▶ Task: Down to the final line, print the records again exactly.

▶ Dataset entries:

┄┄┄┄┄┄

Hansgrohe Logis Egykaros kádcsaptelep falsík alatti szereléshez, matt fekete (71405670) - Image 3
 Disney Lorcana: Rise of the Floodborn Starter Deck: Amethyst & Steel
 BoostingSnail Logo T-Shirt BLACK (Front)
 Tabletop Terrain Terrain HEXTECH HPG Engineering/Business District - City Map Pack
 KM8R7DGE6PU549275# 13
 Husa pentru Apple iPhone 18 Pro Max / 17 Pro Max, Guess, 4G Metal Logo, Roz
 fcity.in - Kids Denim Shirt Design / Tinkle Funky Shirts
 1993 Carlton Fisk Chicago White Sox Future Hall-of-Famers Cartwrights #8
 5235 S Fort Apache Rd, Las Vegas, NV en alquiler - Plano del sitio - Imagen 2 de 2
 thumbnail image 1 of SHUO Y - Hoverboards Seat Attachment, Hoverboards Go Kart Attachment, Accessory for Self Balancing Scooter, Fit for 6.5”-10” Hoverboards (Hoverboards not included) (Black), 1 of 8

┄┄┄┄┄┄

▶ Written answer:
Hansgrohe Logis Egykaros kádcsaptelep falsík alatti szereléshez, matt fekete (71405670) - Image 3
 Disney Lorcana: Rise of the Floodborn Starter Deck: Amethyst & Steel
 BoostingSnail Logo T-Shirt BLACK (Front)
 Tabletop Terrain Terrain HEXTECH HPG Engineering/Business District - City Map Pack
 KM8R7DGE6PU549275# 13
 Husa pentru Apple iPhone 18 Pro Max / 17 Pro Max, Guess, 4G Metal Logo, Roz
 fcity.in - Kids Denim Shirt Design / Tinkle Funky Shirts
 1993 Carlton Fisk Chicago White Sox Future Hall-of-Famers Cartwrights #8
 5235 S Fort Apache Rd, Las Vegas, NV en alquiler - Plano del sitio - Imagen 2 de 2
 thumbnail image 1 of SHUO Y - Hoverboards Seat Attachment, Hoverboards Go Kart Attachment, Accessory for Self Balancing Scooter, Fit for 6.5”-10” Hoverboards (Hoverboards not included) (Black), 1 of 8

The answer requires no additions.